Chapter Three, Structure points out the range of different writing systems in the world, but that a tiny subset only of the symbols that comprise those systems can be found on a given computer-keyboard. It shows too that you can use what are known as Character Entity References to address this, such that you emplace ‘unusual’ characters within your content by means of a short mnemonic that represents a given character, prefixed with an ampersand, and suffixed with a semi-colon.

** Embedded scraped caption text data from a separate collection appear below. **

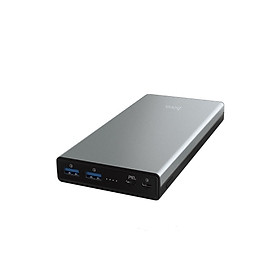 Mua Sạc Dự Phòng Hoco B39 (30.000mah) + Tặng Cáp Micro USB - Chính Hãng
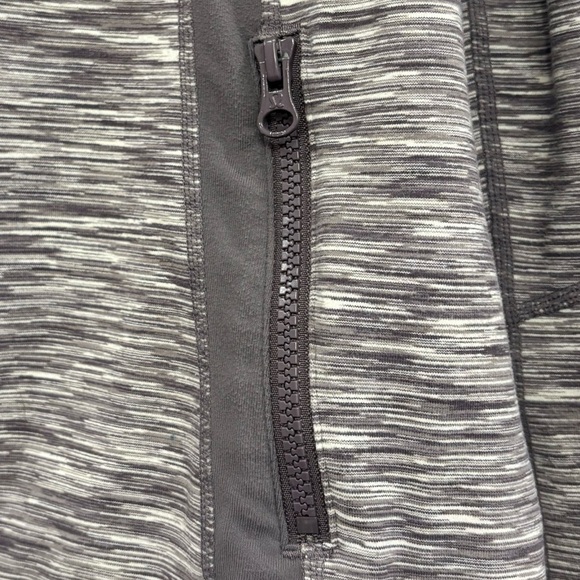 Lululemon Define Jacket Size 10 In Magnum Space Dye Gray - Picture 5 of 7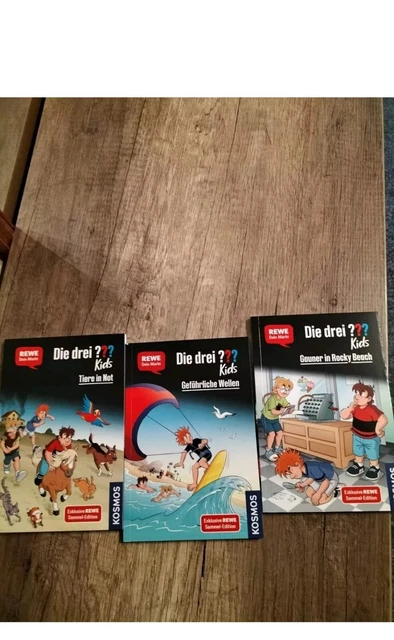 DIE 3 FRAGEZEICHEN Kids Gef hrliche Wellen Tiere In Not Gauner In die-3-fragezeichen-kids-gef-hrliche-wellen-tiere-in-not-gauner-in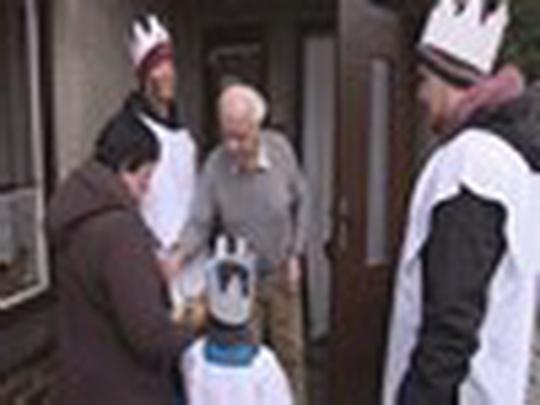 Dvacátá Tříkrálová sbírka Charity - show video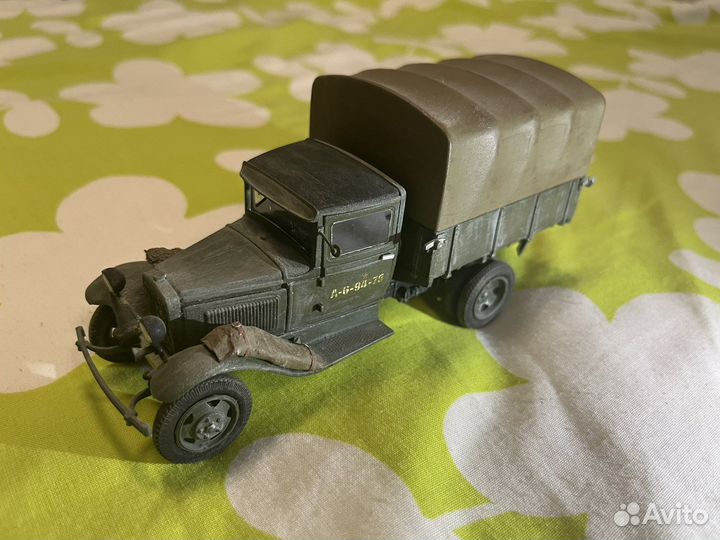 Модель автомобиля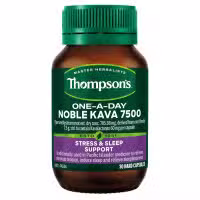 Thompsons Noble Kava 7500 Capsules 30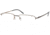 Jaguar Eyeglasses 39307 with No-Line Progressive Rx Prescription Lenses, Select Frame Color Brown Frame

The set of all such mnemonics is limited, however, and some e-readers do not even recognise those defined within the standard. Given this, and as Chapter Three states, you must use a variant on the character-entity approach called ‘Numeric Entity References’. That is, you must cite a number rather than a mnemonic between the ampersand and semi-colon, and this number must be a valid instance of what is called a Unicode ‘Codepoint’.

Similarly, you may state colour values in your CSS code using base-16, or using numbers falling within the seemingly arbitrary range of 0 to 255. This appendix explains from the ground up why these strange numbers and ‘bases’ litter the code-scape, and why we use things like Unicode and related standards such as UTF-8.

Why Bits, Why Binary?

Throughout human history, every form of writing has come down to making distinct differentiations in a medium of some form – an impression in a clay or wax tablet; an inky mark scratched with quill on parchment. Our modern computing machines are no different, as they also represent symbols by means of variations at discrete locations within some storage medium.

Consider the clay tablet with the cuneiform writing in the sidebar. Each symbol corresponds to a unique and well-defined concept, and could represent, for example, the number of sheep a farmer sold at the market each week.

Now imagine that the farmer had used a different 'encoding', and had represented numbers by using a piece of dowel to make a cylindrical impression in the clay (rather than the wedge-shaped indentations of cuneiform), where the depth of the depression represented magnitude. The drawing in the next sidebar captures this idea, showing, say, the number of sheep sold at market on three successive weeks as three cylindrical depressions in a block of clay.

Determining the number of sheep sold in a given week would require no more than the same piece of dowel, marked along the side in regular intervals (like a little cylindrical ruler). The depth to which the dowel penetrated a given hole in the clay would then give the quantity symbolised by the hole. This seems like a reasonable system, but the fact is that the dowel could become worn and therefore shorter with repeated use, and the holes could fill with dirt or other matter, which would change their depth. Equivalently, the farmer would have to be precise when making the depressions in the first place. All such factors promote inaccuracy.

To compound this, a farmer going to market each week would choose wax over clay because it allows continuous creation of records (a given clay tablet can acquire no new records after it has been fired). However, wax would present greater risk of inaccuracy because it softens in warmer weather. That is, repeated measurements during the summer (using the depth gauge) could deepen a given hole over time to the point that it failed to represent the original quantity.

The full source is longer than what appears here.